In the still young asset class cryptocurrencies, there are thousands of new startups and companies that issue their own tokens/coins. By far the most profitable companies in the crypto space are the exchanges themselves, where these tokens/coins of the individual companies can be traded.
Since 2017, when the trading exchange Binance was the first to start doing so, many exchanges have issued their own token/coin, practically all of which have performed excellently across the board and achieved a significant increase in value.
Three theses for the popularity of exchange tokens:
1. The benefits of tokens are easy to understand and comprehend. Most often, “exchange tokens” offer owners discounts on trading fees. Every trader understands this immediately and sees the result of it directly when he makes a trade.
2. Exchanges specifically advertise their own token on their platform and promote it constantly. Hardly a purchase goes by without mentioning the advantage of owning and using their own exchange token. Statistically, a person will buy a product if it is presented to him more than 7 times, or at least this increases its probability enormously.
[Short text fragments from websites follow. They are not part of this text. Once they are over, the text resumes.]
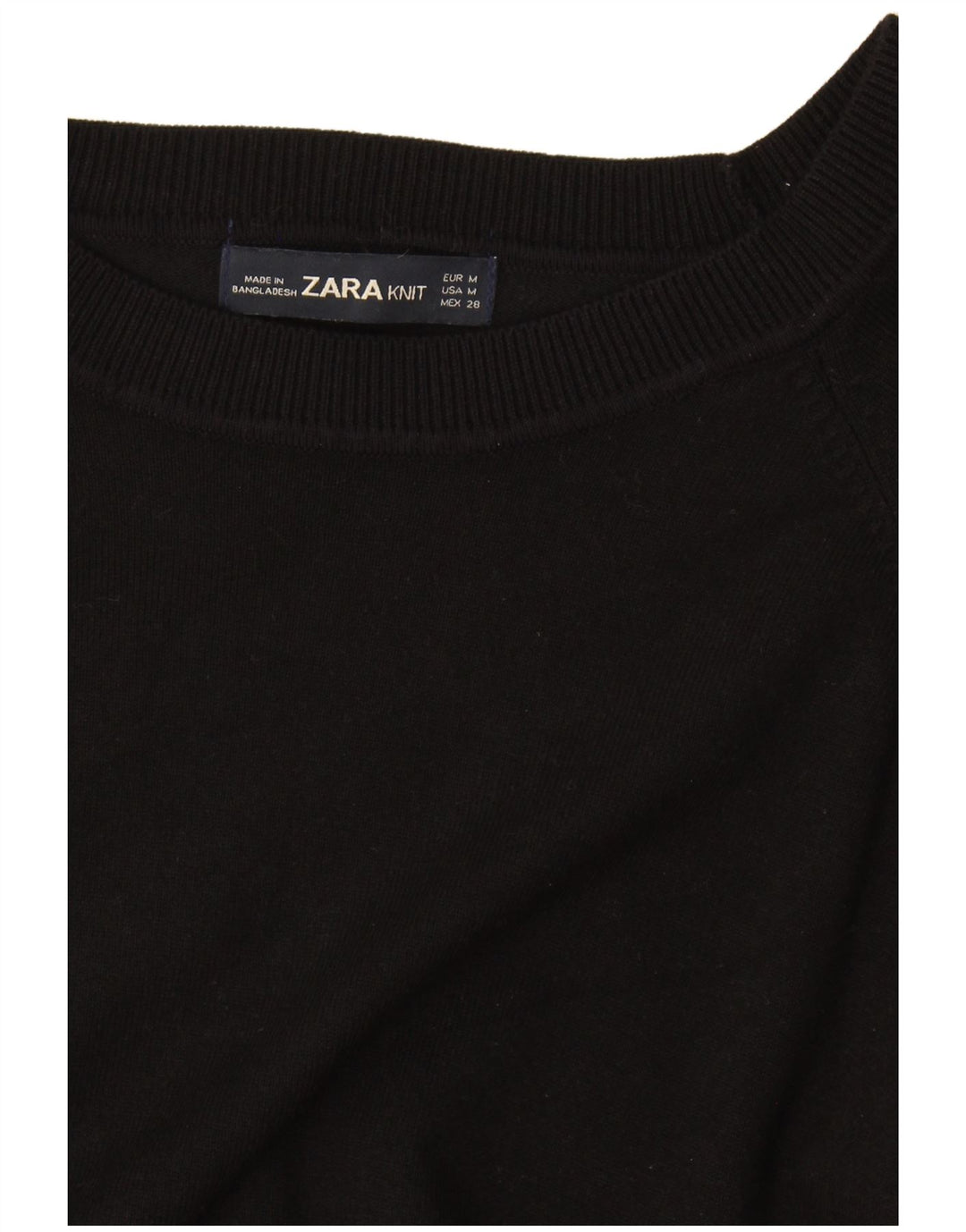 Zara Pull surdimensionné à col bateau pour femme UK 14 Noir moyen
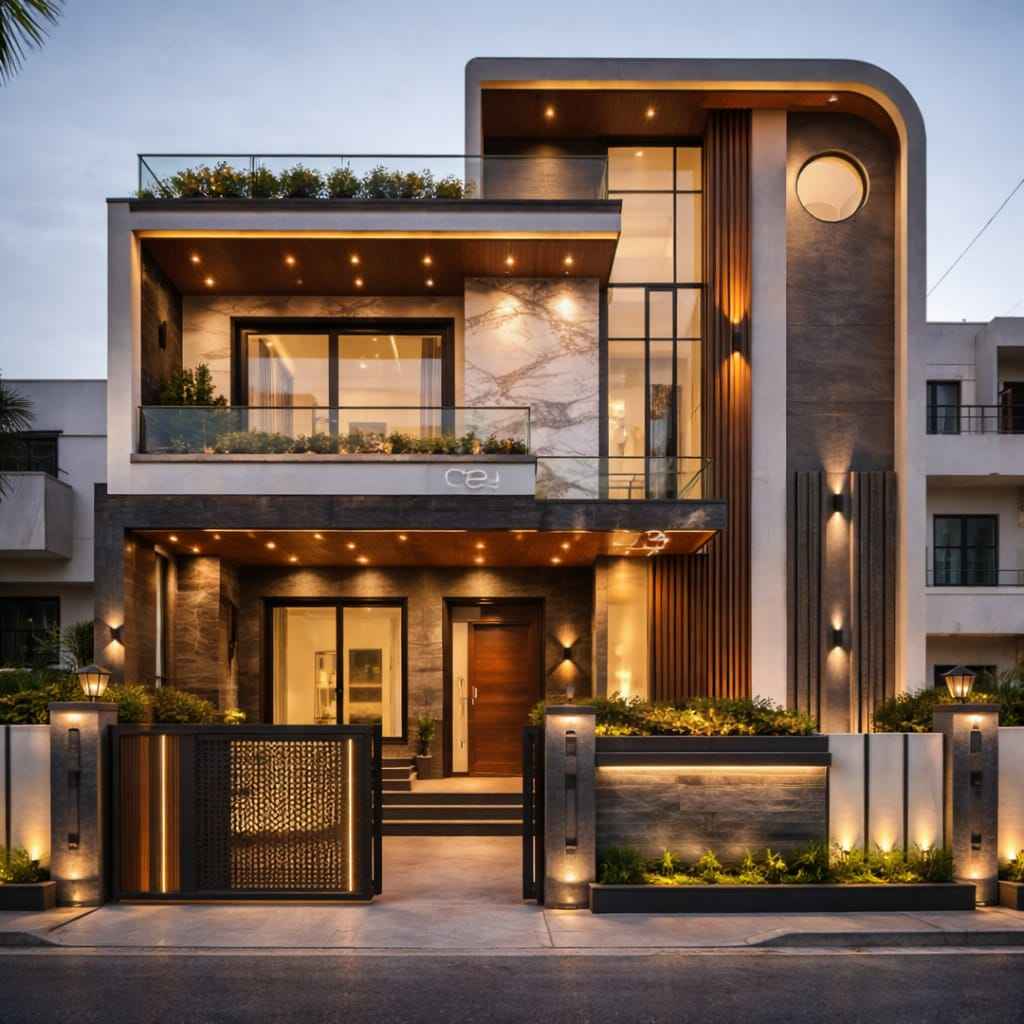 Modern luxury house with curved facade, marble finish, wooden panels, glass balcony, warm lighting, and stylish front gate with landscaped exterior.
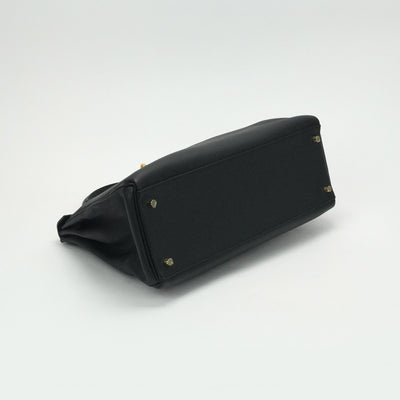 HERMES 헤르메스 Kelly 35 Kelly 35 가방, 토트 백, 숄더백, 토고, 누아르, 검은 색, 금 피팅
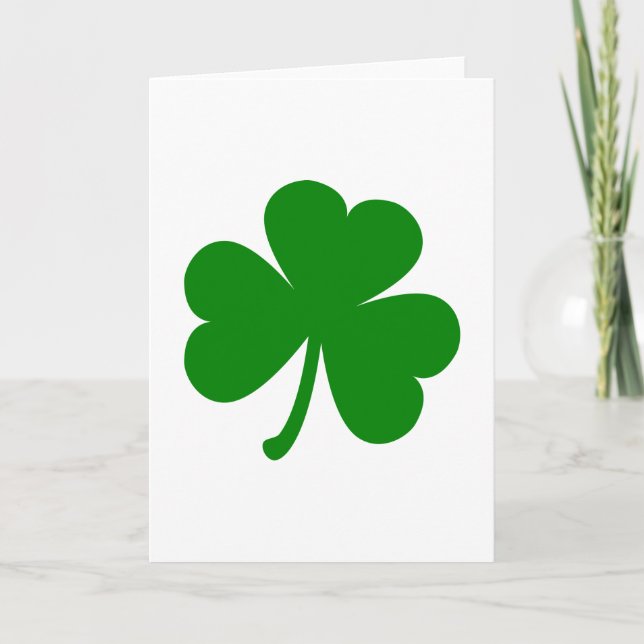 Lucky Green St Patrick's Day Shamrock Card (Front)
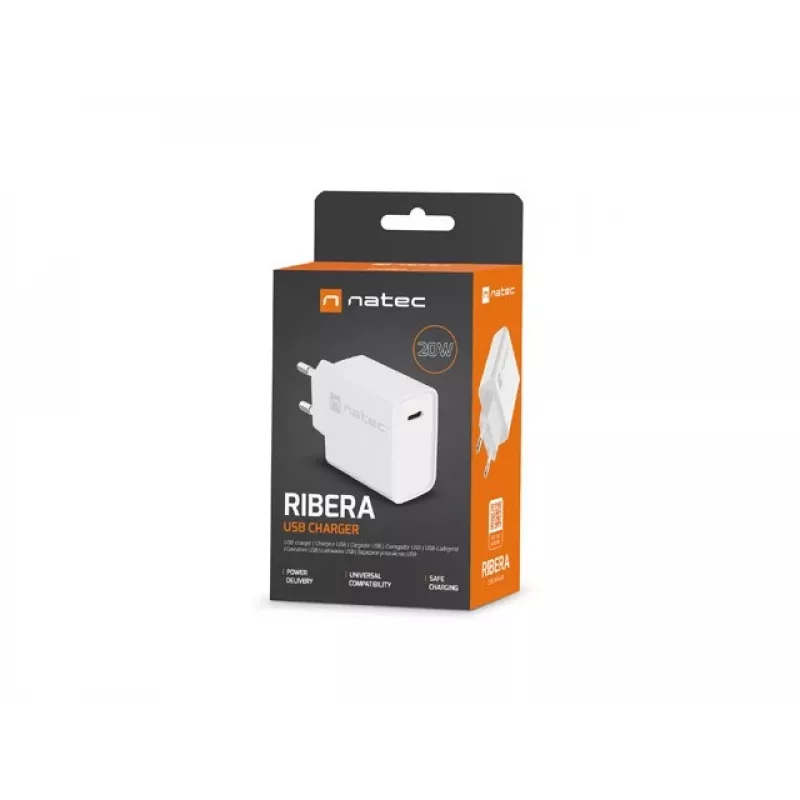 Carregador rápido USB-C para interiores NATEC RIBERA 12V 20W Quick Charge 3.0 branco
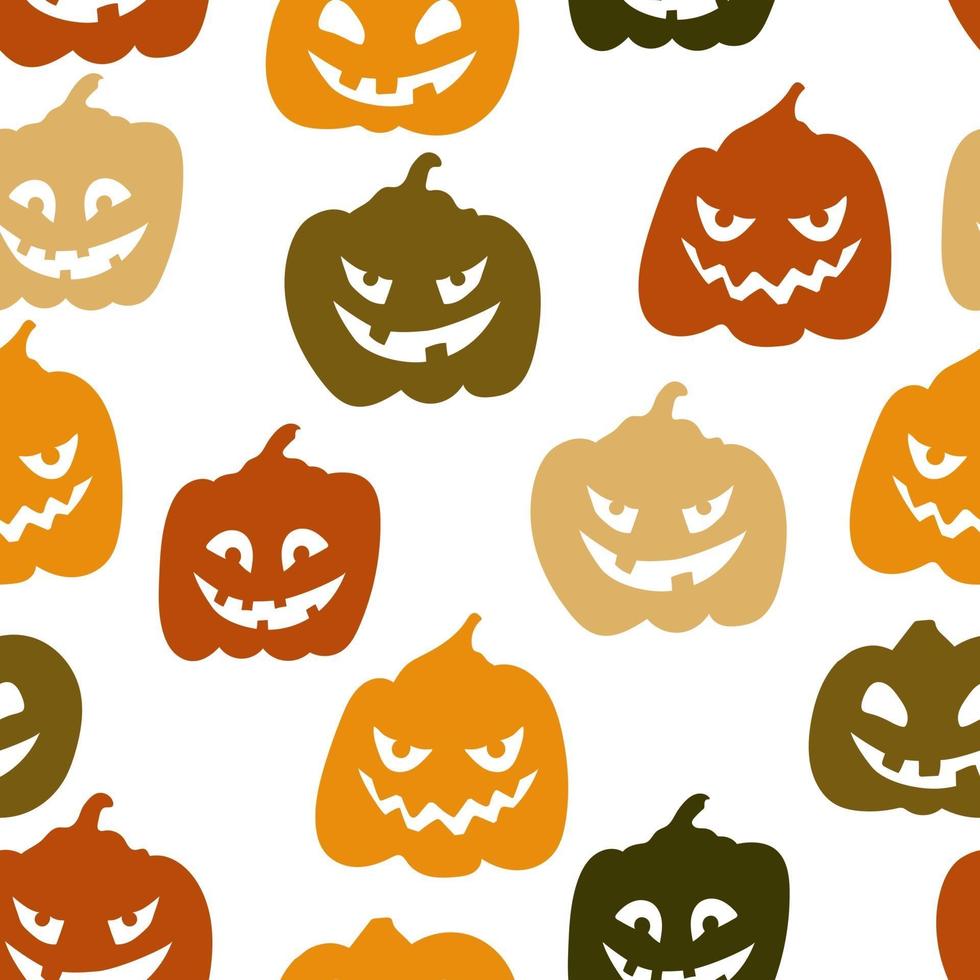 Halloween pattern silhouettes white orange green pumpkins vector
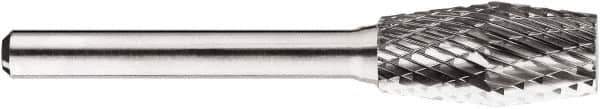 SGS Pro - 1/2" Cut Diam, 1/4" Shank Diam, Inverted Cone Head Double Cut Burr - Carbide, Flat End, 1" LOC, 1" OAL - USA Tool & Supply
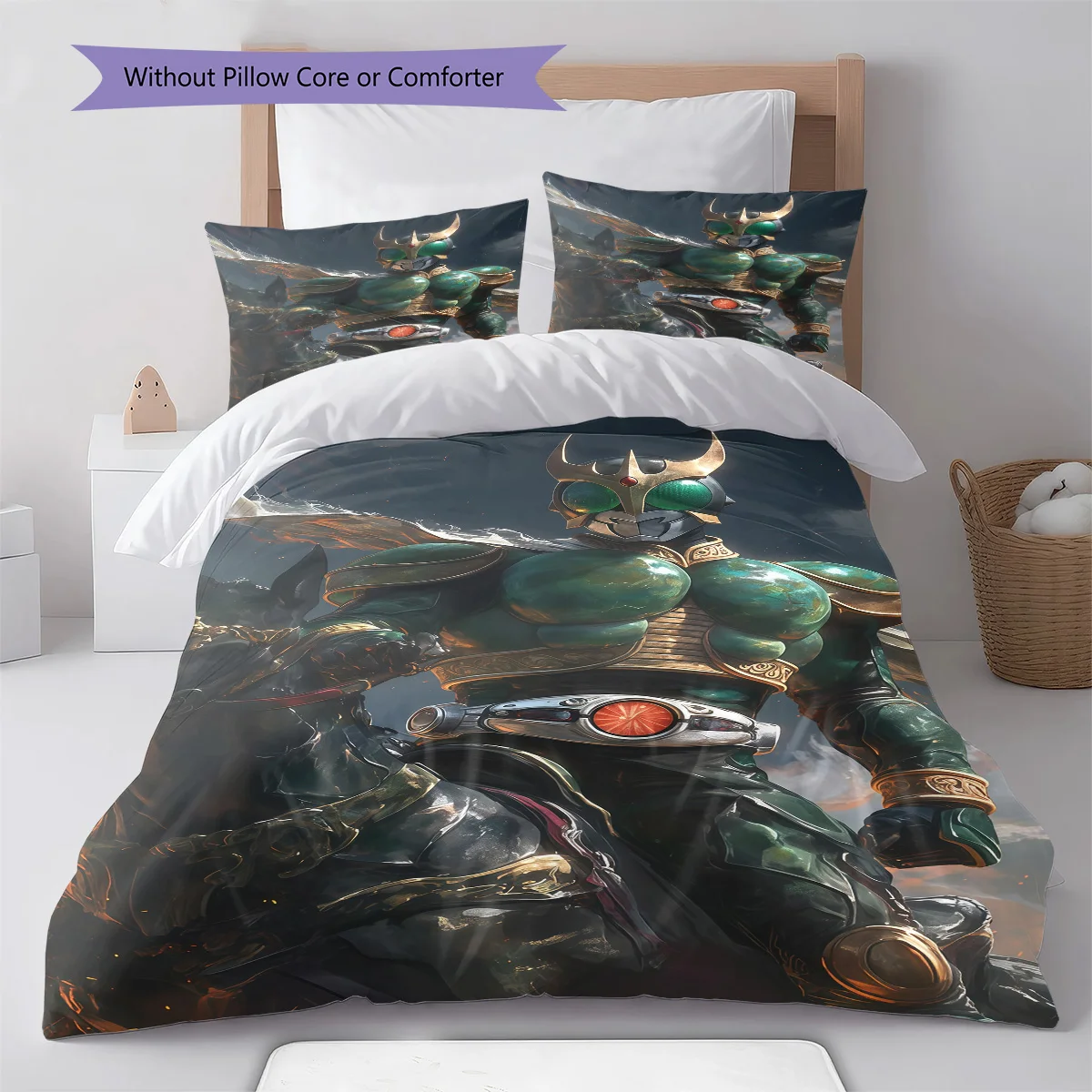 Kamen Rider Hero Pose Bedding Set Anime Duvet Cover Polyester Soft Comforter Bedroom Set -QJY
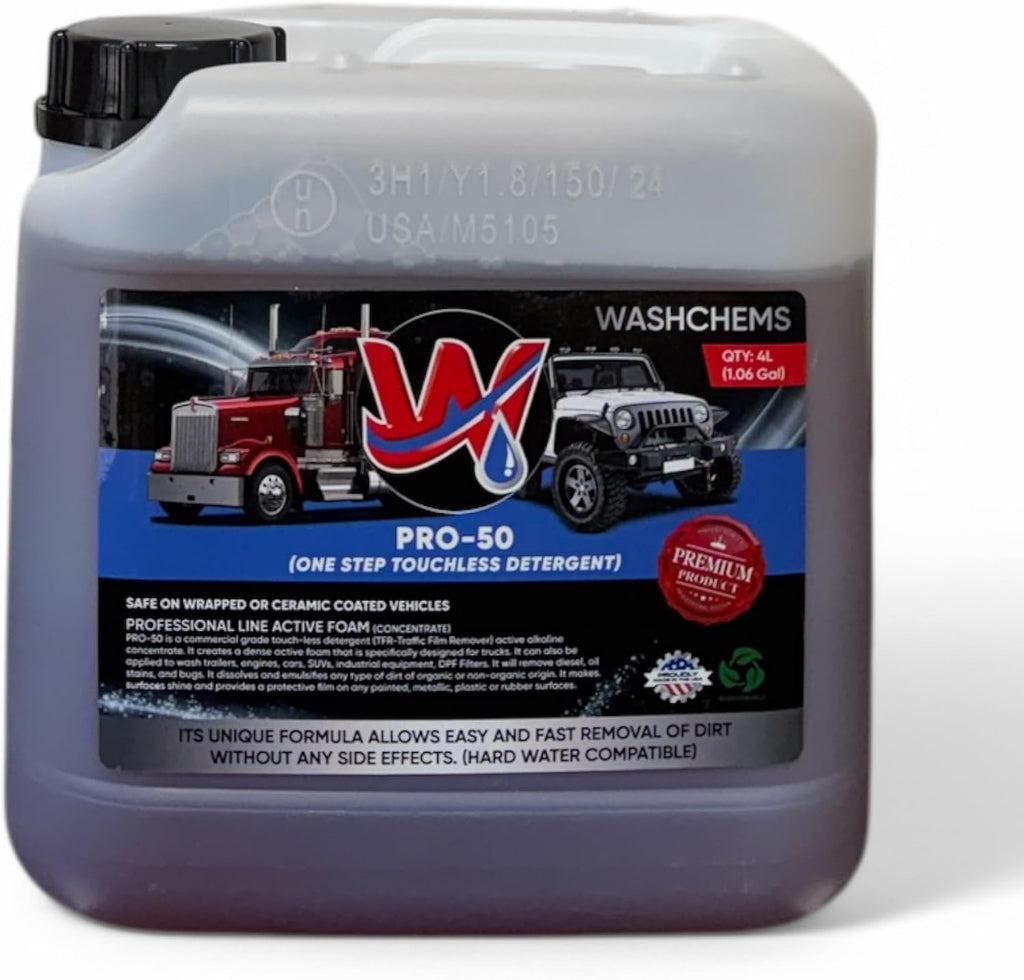 Wash Chems Pro 50 Touchless Car Wash Detergent Soap Concentrate No Brushing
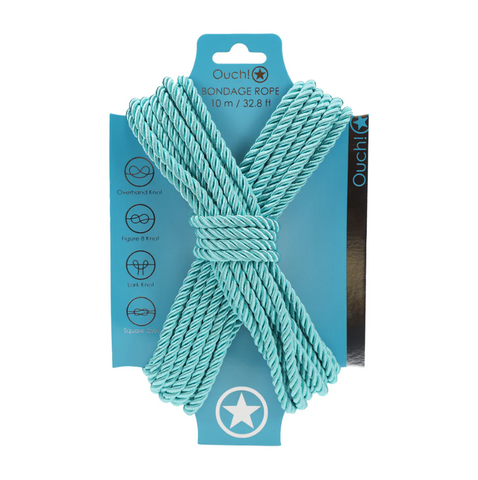 Ouch! 10m Polyester Bondage Rope blue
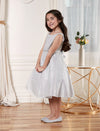 Load image into Gallery viewer, LA Merchandise LAZD817 Girls Metallic Glitter Short A-Line Dress with Beaded Waist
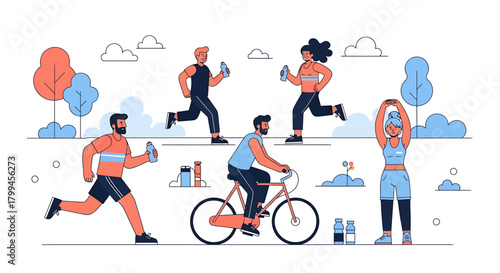 Illustration of people exercising outdoors, running, cycling, and stretching in a park setting.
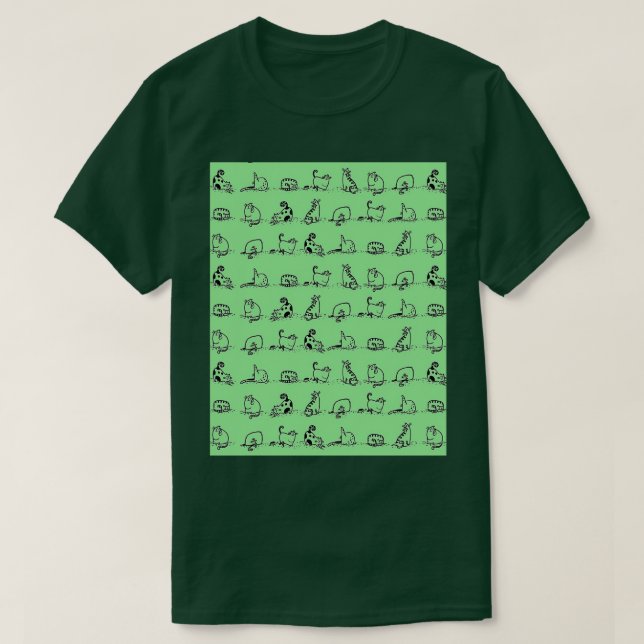 Klassen Cats Yoga på Grönten Blek Cat Yoga Graphic T Shirt (Design framsida)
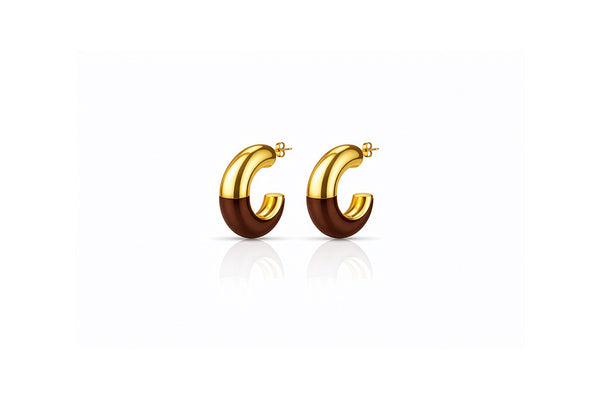 duo tone mocha earrings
3. Practically every user and trader is aware that trading exchanges are very profitable. This gives him confidence in his investment and minimizes a total loss.
Everyone would like to be a part of an exchange.
The trading platform Binance, operational just since 2017, made a profit of over $800 million dollars in 2020. Crypto broker Coinbase recently announced results for its best quarter ever, generating $1.8 billion in revenue in the first quarter of 2021 alone. But as an exchange token owner, you don’t directly benefit when such huge profits are made, because these exchange tokens are not regulated and there is no right to a participation. The big profit therefore only benefits the shareholders and owners.
Now, an upcoming Liechtenstein company wants to change this by offering their isoon regulated token a tiered fee payback based on how much tokens a trader owns and holds. In addition, the company’s profit will be distributed to token holders in the form of a dividend. Thus, it will finally be possible to benefit directly from the profit of a trading exchange without being a shareholder.